The Chinese Nationalist Party (KMT) yesterday said that a statement by the Taipei Department of Labor reaffirming that employers are obliged to pay workers in accordance with the law is “a slap in the face to the Ill-gotten Party Assets Settlement Committee,” which said that the KMT was intentionally obfuscating the issue.
KMT Culture and Communications Committee deputy director-general Wang Hong-wei (王鴻薇) told a morning news conference in Taipei that the Executive Yuan, the Ministry of Labor and the department have been “allowing the Ill-gotten Party Assets Settlement Committee and its director, Wellington Koo (顧立雄), to trample labor rights with its political agenda and flout the Labor Standards Act (勞動基準法) and the spirit of the law.”
The KMT has not been able to pay its employees on time and has filed a plan with the department for a possible mass layoff, Wang said.
“However, the Ill-gotten Party Assets Settlement Committee froze the KMT’s funds and denied that paying salaries, severance and pensions required in a mass layoff is a statutory obligation,” Wang said.
Wang said that she received an official reply from the department after inquiring about the matter and that it issued a statement confirming that the act requires employers to pay workers and stipulates punishments if they do not.
“Does Koo consider himself above the law and the department’s superior?” Wang asked.
Former department commissioner Chen Yeh-shin (陳業鑫), who is also a lawyer, said at the news conference that the Ill-gotten Party Assets Settlement Committee has unabashedly contravened the law, adding that no matter how heated the political feud is, “labor rights should not be affected.”

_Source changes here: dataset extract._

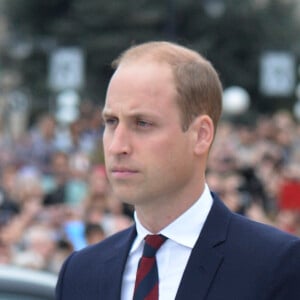 Le prince William, duc de Cambridge et Kate Middleton, duchesse de Cambridge, accompagnés de leurs enfants, le prince Georges et la princesse Charlotte, visitent la Colombie-Britannique et le Yukon au Canada. Le couple royal est arrivé à l'aéroport de Victoria où il a été accueilli par le Premier ministre Justin Trudeau et sa femme Sophie Grégoire Trudeau. Canada, le 24 septembre 2016.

Chen asked the Ill-gotten Party Assets Settlement Committee to release some of the funds it has ordered frozen and restrict them for specific uses, which in this case would be for salaries, severance and pensions.

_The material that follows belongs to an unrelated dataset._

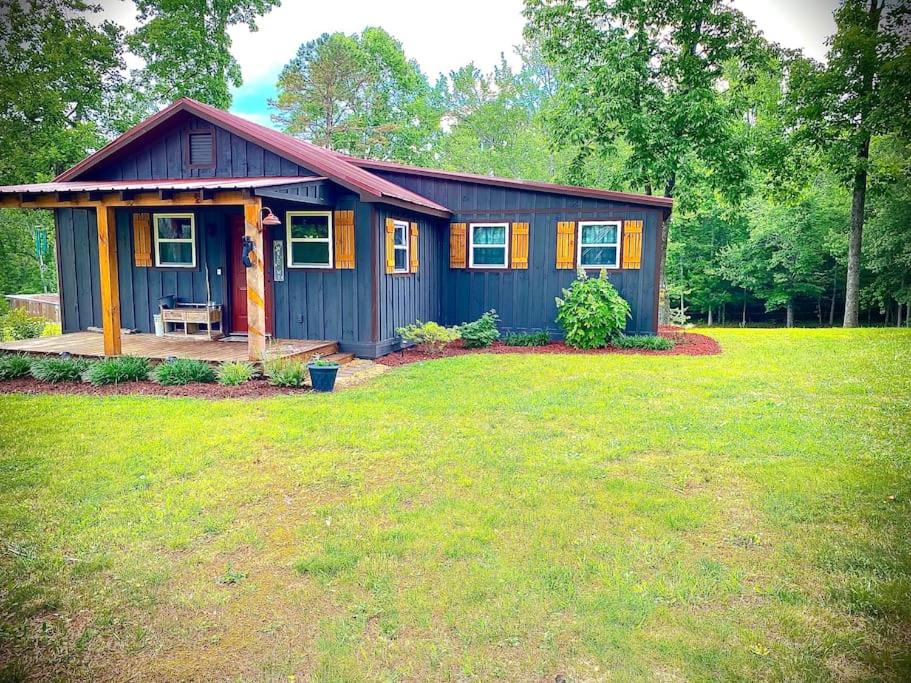 Fall Season-Waterfalls & Hiking-Cabin180 view 4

Ill-gotten Party Assets Settlement Committee spokeswoman Shih Chin-fang (施錦芳) said that it concurs with the department’s statement about employer obligations, but added that the party should pay its employees with legally earned political donations and party fees.

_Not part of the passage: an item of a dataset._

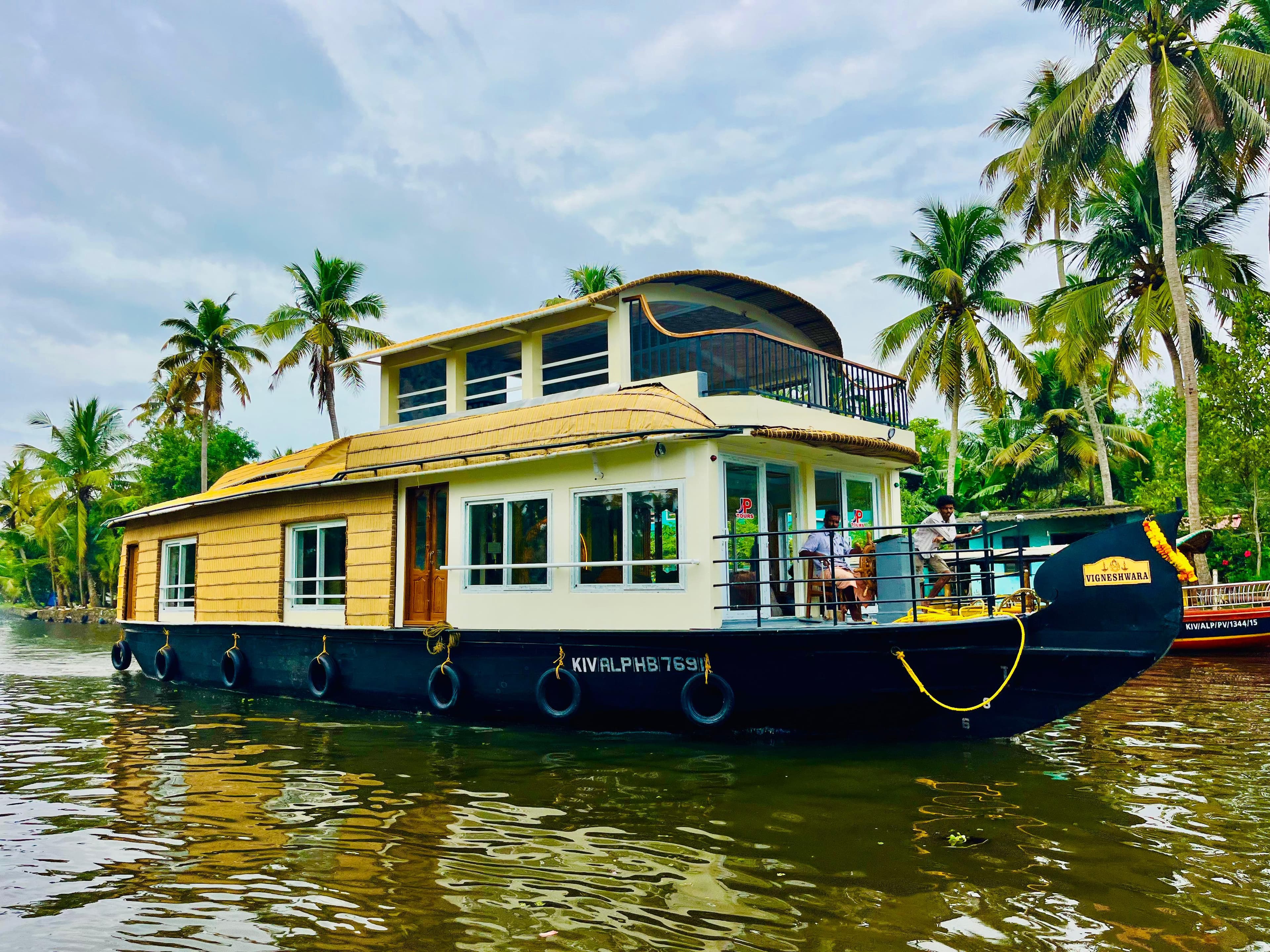 2 Bedroom Houseboat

It could also use real estate registered under the KMT’s name rather than — as the party has proposed — properties listed as assets of Central Investment Co (中央投資公司) and Hsinyutai Co (欣裕台), which the Ill-gotten Party Assets Settlement Committee has ordered be transferred to the central government, Shih said.
The KMT should stop obfuscating the issue and solve its own problems by appropriate means, she said.